> _Your goal_
Using the data below, output a verbatim copy of the lines between the one holding "dining space featuring" and the one holding "iceberg with cloudy sky", inclusive, without any pictures.

> _Extracted material_
>>
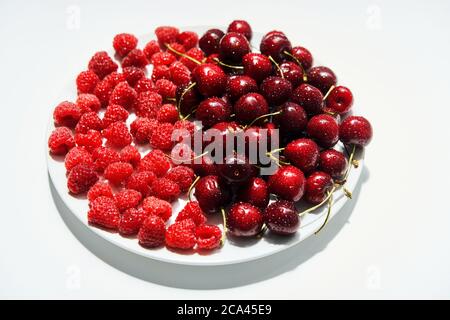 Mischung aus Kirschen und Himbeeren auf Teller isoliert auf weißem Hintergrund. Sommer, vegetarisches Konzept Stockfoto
<<
>>
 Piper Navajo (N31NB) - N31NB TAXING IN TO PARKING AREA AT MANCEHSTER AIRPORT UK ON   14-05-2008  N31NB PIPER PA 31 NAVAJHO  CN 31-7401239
<<
>>
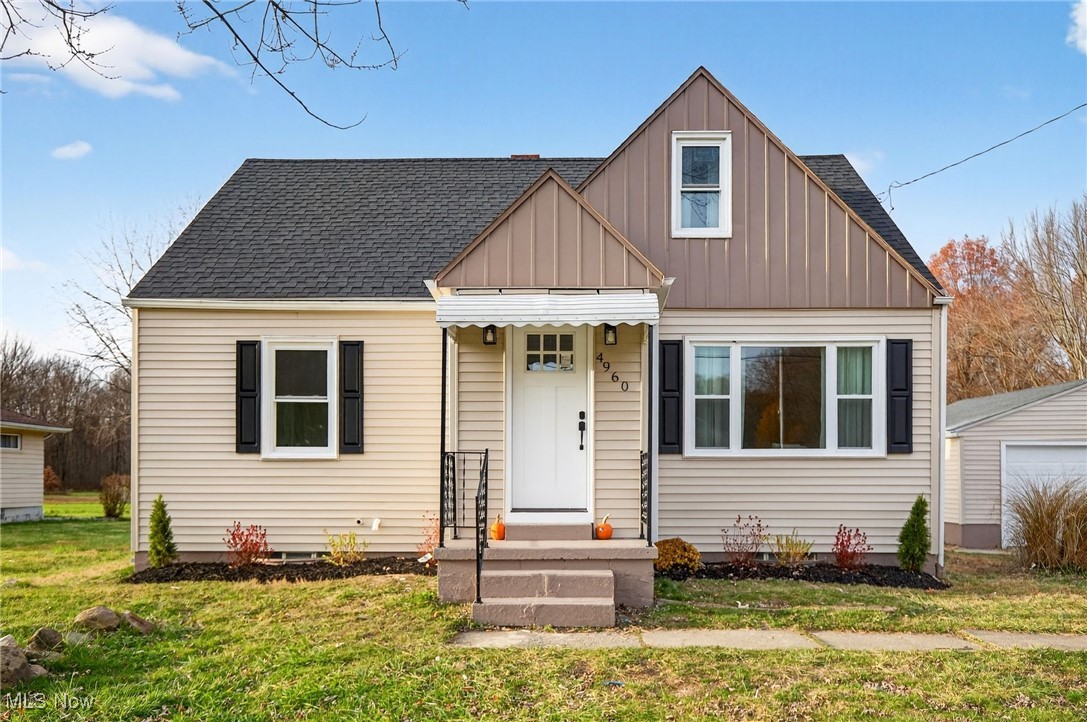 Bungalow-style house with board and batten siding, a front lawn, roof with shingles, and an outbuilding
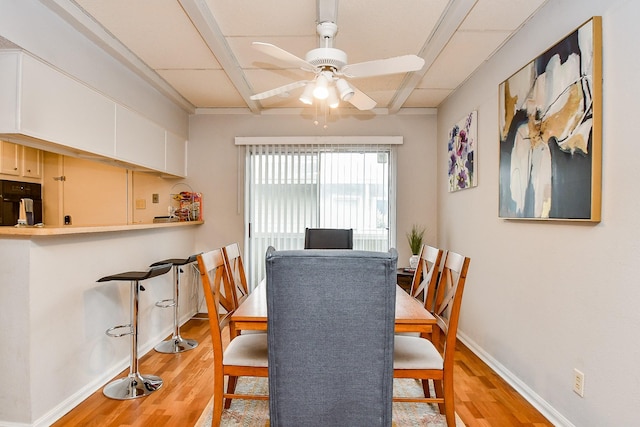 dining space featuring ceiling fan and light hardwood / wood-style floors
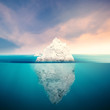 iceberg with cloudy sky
<<
> _Response area_
 dining space featuring ceiling fan and light hardwood / wood-style floors
 iceberg with cloudy sky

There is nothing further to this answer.